(Excerpts from a dataset)
------------

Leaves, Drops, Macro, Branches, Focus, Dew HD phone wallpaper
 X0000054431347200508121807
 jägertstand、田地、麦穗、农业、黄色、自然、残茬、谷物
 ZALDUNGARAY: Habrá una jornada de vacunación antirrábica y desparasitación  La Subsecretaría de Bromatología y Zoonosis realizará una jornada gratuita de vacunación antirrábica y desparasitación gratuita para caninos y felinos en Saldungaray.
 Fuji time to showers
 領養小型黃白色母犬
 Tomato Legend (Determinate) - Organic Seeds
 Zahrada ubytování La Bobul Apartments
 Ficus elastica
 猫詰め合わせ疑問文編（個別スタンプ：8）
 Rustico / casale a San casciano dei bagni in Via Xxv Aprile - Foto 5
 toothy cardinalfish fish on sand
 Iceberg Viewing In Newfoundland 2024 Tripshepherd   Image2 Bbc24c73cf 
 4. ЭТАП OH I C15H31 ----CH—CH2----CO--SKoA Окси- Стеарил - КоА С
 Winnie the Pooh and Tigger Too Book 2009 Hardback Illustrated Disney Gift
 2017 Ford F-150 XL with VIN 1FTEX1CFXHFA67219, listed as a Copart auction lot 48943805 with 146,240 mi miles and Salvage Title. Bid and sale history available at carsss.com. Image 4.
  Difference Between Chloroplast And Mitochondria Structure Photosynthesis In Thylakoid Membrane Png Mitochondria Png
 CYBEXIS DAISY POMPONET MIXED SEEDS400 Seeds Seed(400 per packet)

------------

Required work
Give only the lines from the one holding "ZALDUNGARAY: Habrá una" through the one holding "2017 Ford F-150", each restated exactly as it appears above.

Task result
 ZALDUNGARAY: Habrá una jornada de vacunación antirrábica y desparasitación  La Subsecretaría de Bromatología y Zoonosis realizará una jornada gratuita de vacunación antirrábica y desparasitación gratuita para caninos y felinos en Saldungaray.
 Fuji time to showers
 領養小型黃白色母犬
 Tomato Legend (Determinate) - Organic Seeds
 Zahrada ubytování La Bobul Apartments
 Ficus elastica
 猫詰め合わせ疑問文編（個別スタンプ：8）
 Rustico / casale a San casciano dei bagni in Via Xxv Aprile - Foto 5
 toothy cardinalfish fish on sand
 Iceberg Viewing In Newfoundland 2024 Tripshepherd   Image2 Bbc24c73cf 
 4. ЭТАП OH I C15H31 ----CH—CH2----CO--SKoA Окси- Стеарил - КоА С
 Winnie the Pooh and Tigger Too Book 2009 Hardback Illustrated Disney Gift
 2017 Ford F-150 XL with VIN 1FTEX1CFXHFA67219, listed as a Copart auction lot 48943805 with 146,240 mi miles and Salvage Title. Bid and sale history available at carsss.com. Image 4.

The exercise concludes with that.